Stored data:
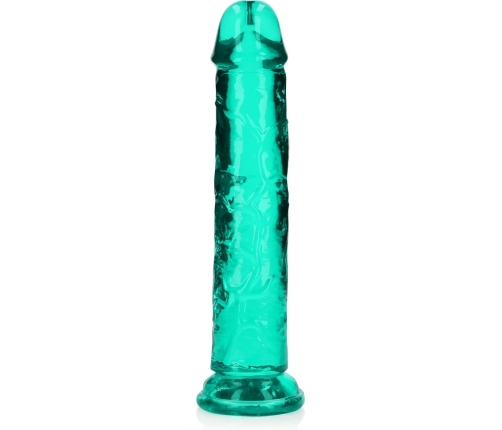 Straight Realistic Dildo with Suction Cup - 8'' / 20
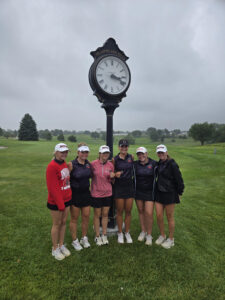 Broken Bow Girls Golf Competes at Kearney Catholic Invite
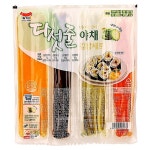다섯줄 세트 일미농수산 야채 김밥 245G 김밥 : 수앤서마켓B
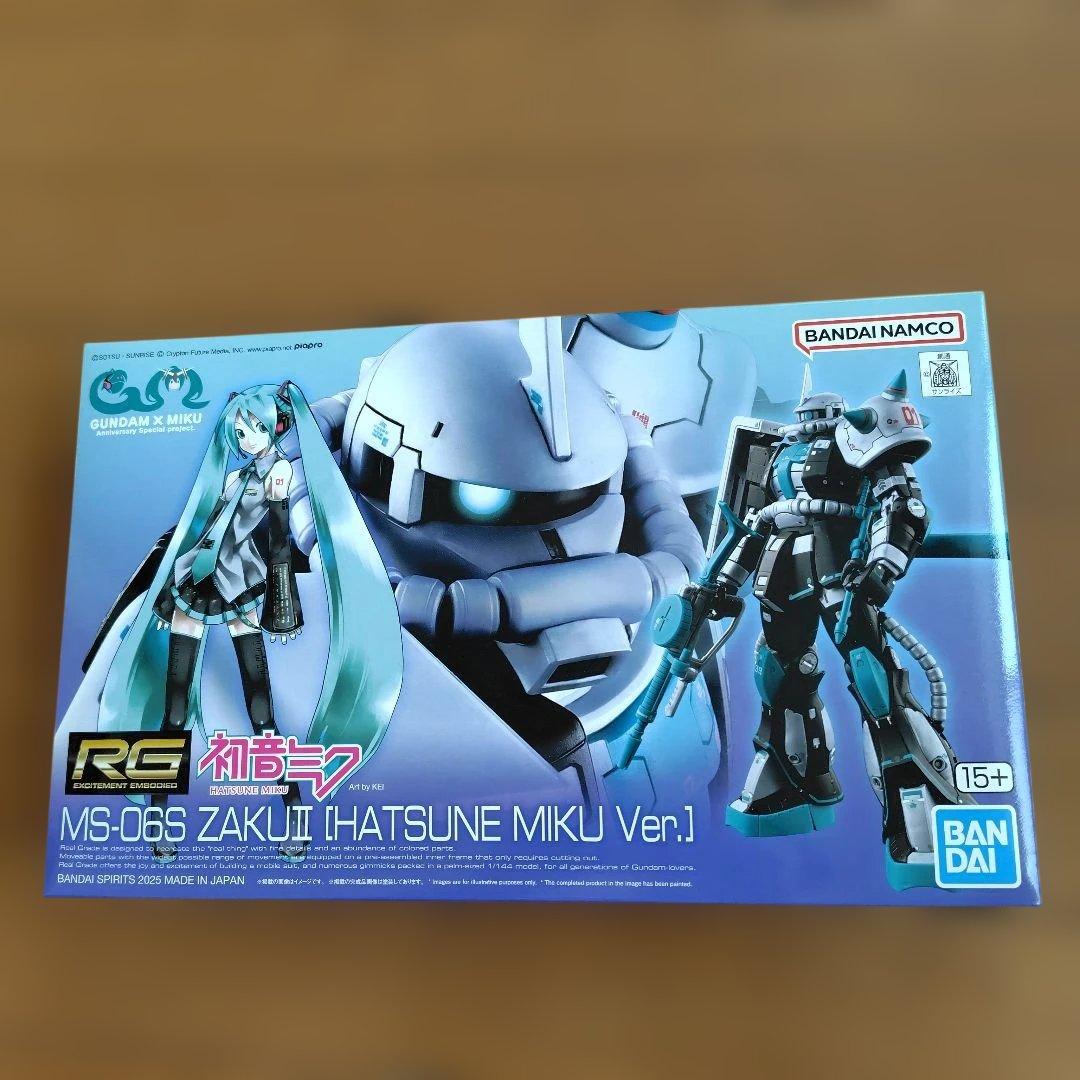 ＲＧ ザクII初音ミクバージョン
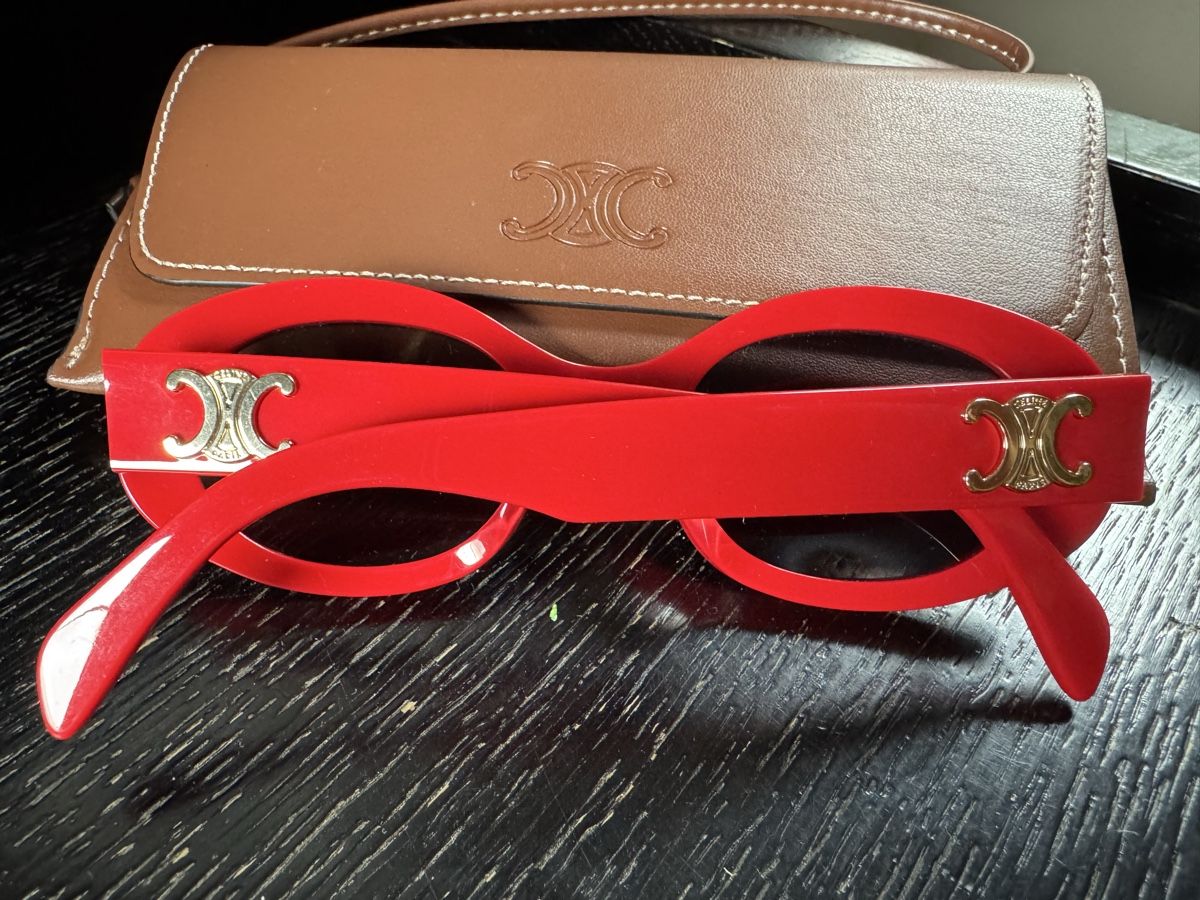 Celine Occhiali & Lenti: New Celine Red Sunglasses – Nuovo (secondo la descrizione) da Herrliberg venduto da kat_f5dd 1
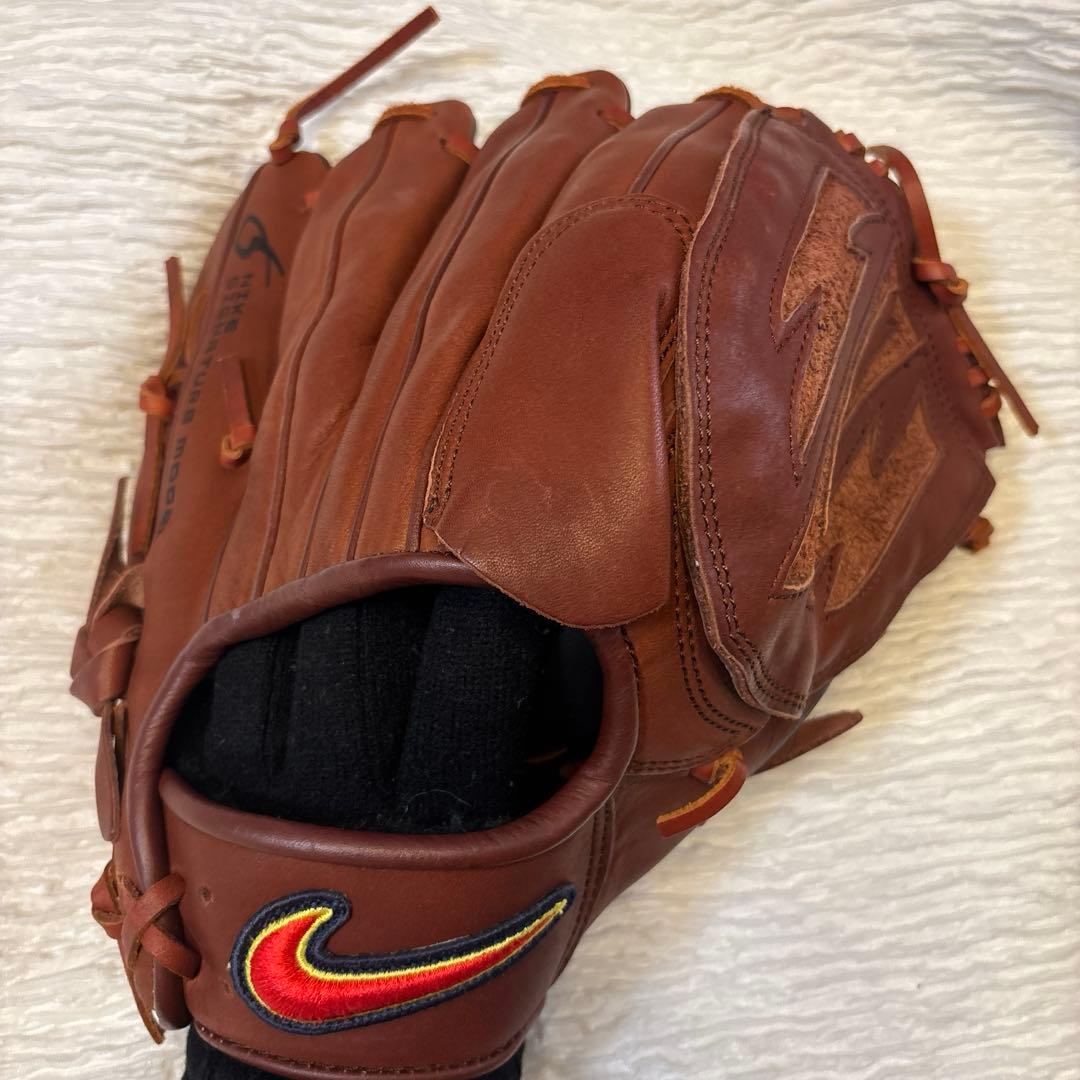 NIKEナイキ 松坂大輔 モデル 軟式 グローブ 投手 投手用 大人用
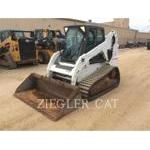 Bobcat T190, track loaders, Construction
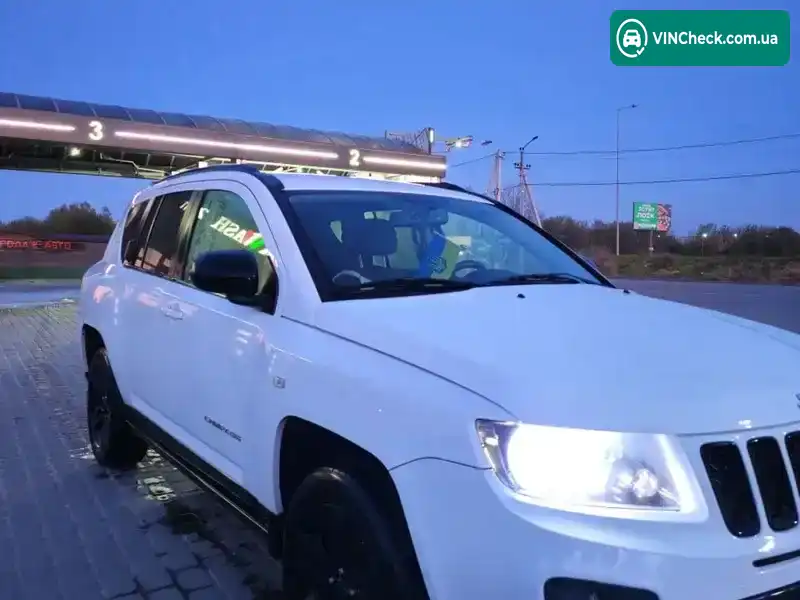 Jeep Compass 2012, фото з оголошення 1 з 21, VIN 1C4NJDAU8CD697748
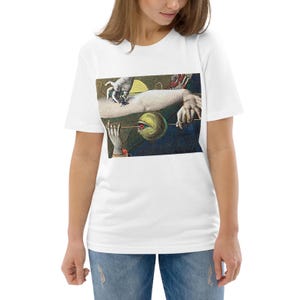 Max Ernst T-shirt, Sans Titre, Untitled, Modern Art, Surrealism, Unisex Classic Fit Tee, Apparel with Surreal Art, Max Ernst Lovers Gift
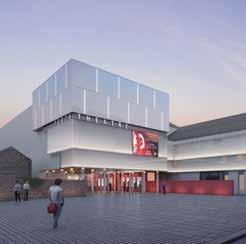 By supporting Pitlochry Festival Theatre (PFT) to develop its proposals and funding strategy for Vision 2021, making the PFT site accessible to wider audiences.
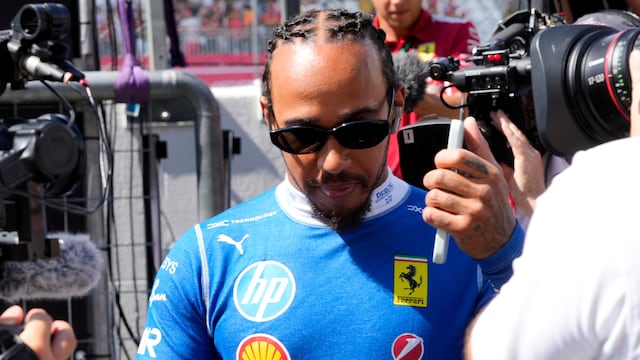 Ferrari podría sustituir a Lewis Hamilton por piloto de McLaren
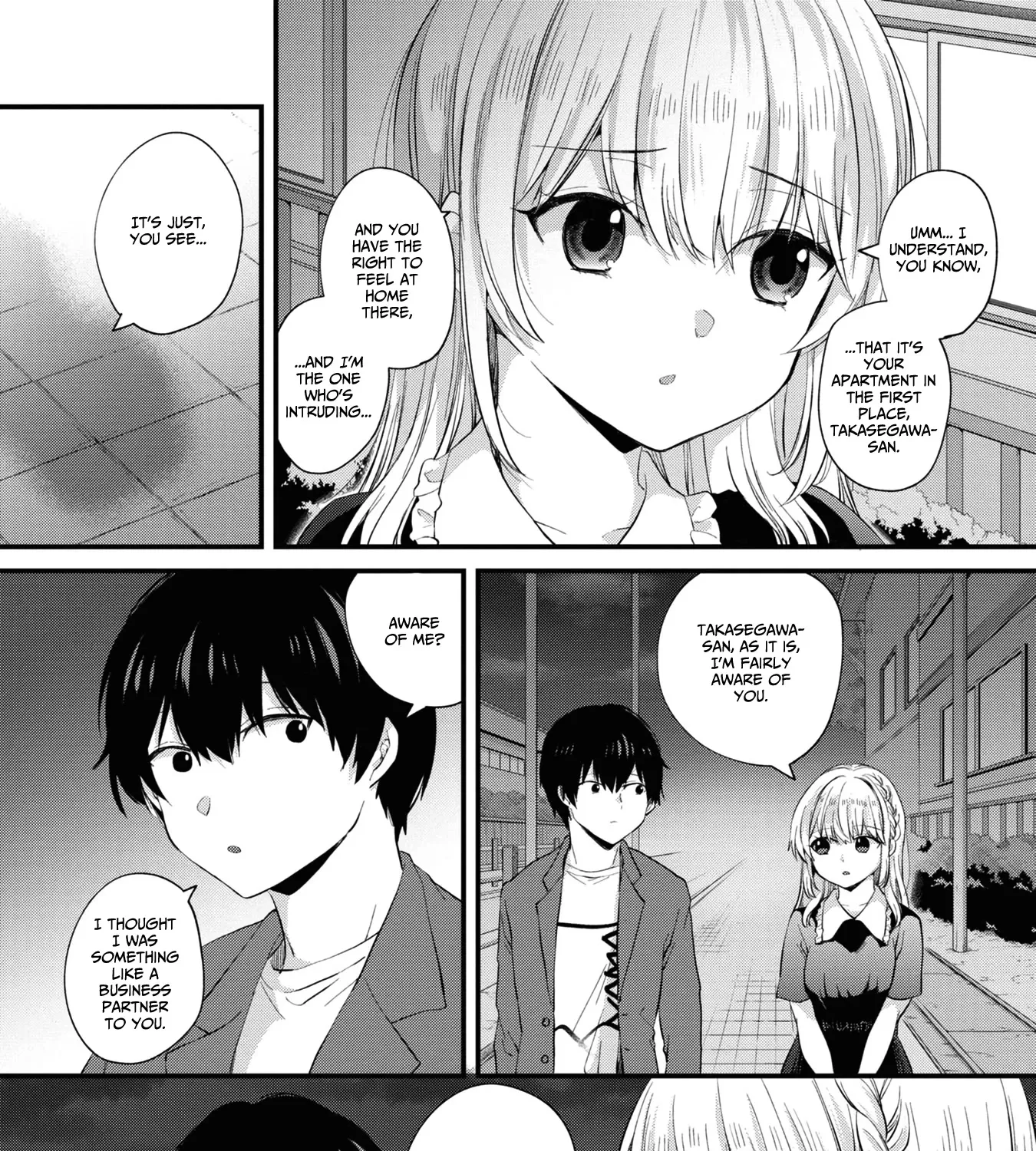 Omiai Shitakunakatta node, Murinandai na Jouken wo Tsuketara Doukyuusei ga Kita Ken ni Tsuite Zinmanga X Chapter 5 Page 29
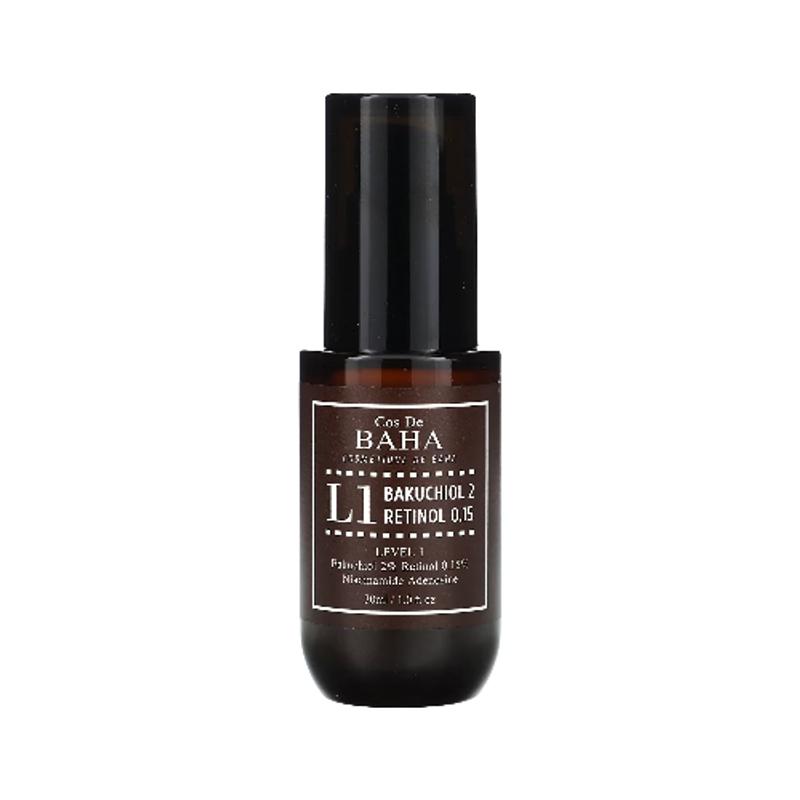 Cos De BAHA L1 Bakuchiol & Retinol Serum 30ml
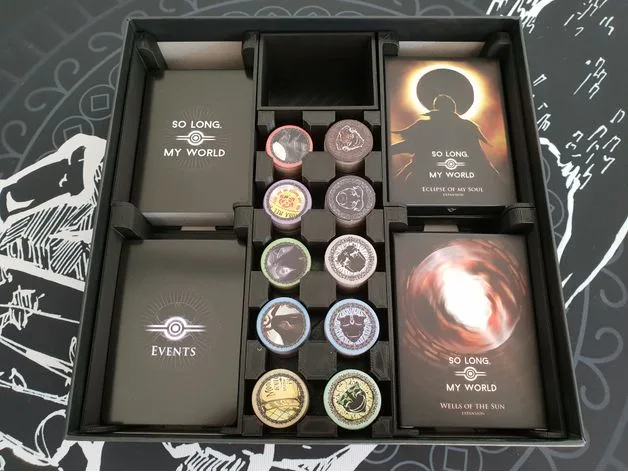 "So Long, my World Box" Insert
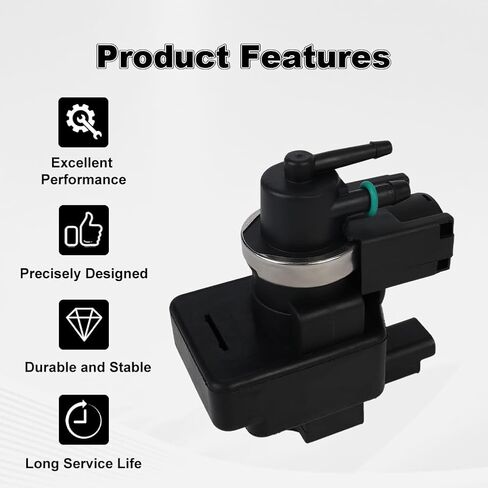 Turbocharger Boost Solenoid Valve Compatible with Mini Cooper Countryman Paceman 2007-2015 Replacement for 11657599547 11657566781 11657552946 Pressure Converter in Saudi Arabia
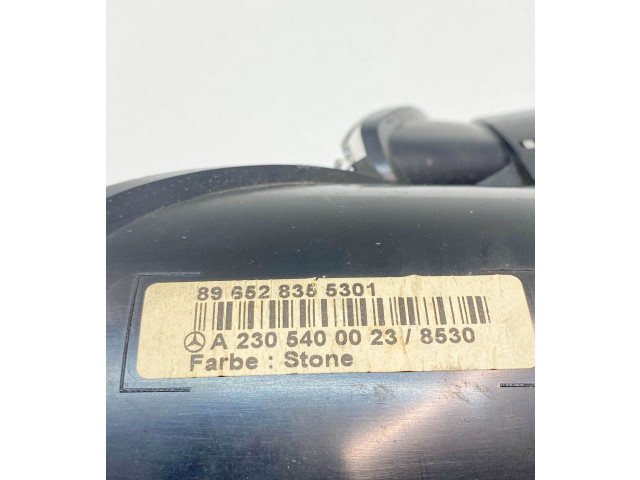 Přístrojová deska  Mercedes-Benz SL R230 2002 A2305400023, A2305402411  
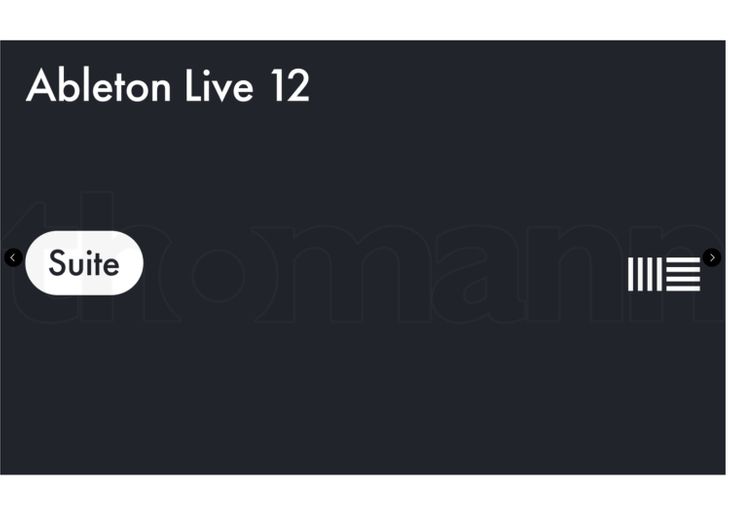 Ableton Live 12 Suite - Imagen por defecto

Goal of the exercise: Leave out the pictures, and write out exactly the lines from the line containing "Jeep Compass 2012, фото" through the end of the records above.

Exercise result:
 Jeep Compass 2012, фото з оголошення 1 з 21, VIN 1C4NJDAU8CD697748
 Max Ernst T-shirt, Sans Titre, Untitled, Modern Art, Surrealism, Unisex Classic Fit Tee, Apparel with Surreal Art, Max Ernst Lovers Gift
 By supporting Pitlochry Festival Theatre (PFT) to develop its proposals and funding strategy for Vision 2021, making the PFT site accessible to wider audiences.
 Ferrari podría sustituir a Lewis Hamilton por piloto de McLaren
 Omiai Shitakunakatta node, Murinandai na Jouken wo Tsuketara Doukyuusei ga Kita Ken ni Tsuite Zinmanga X Chapter 5 Page 29
 Cos De BAHA L1 Bakuchiol & Retinol Serum 30ml
 "So Long, my World Box" Insert
 Turbocharger Boost Solenoid Valve Compatible with Mini Cooper Countryman Paceman 2007-2015 Replacement for 11657599547 11657566781 11657552946 Pressure Converter in Saudi Arabia
 Přístrojová deska  Mercedes-Benz SL R230 2002 A2305400023, A2305402411  
 Ableton Live 12 Suite - Imagen por defecto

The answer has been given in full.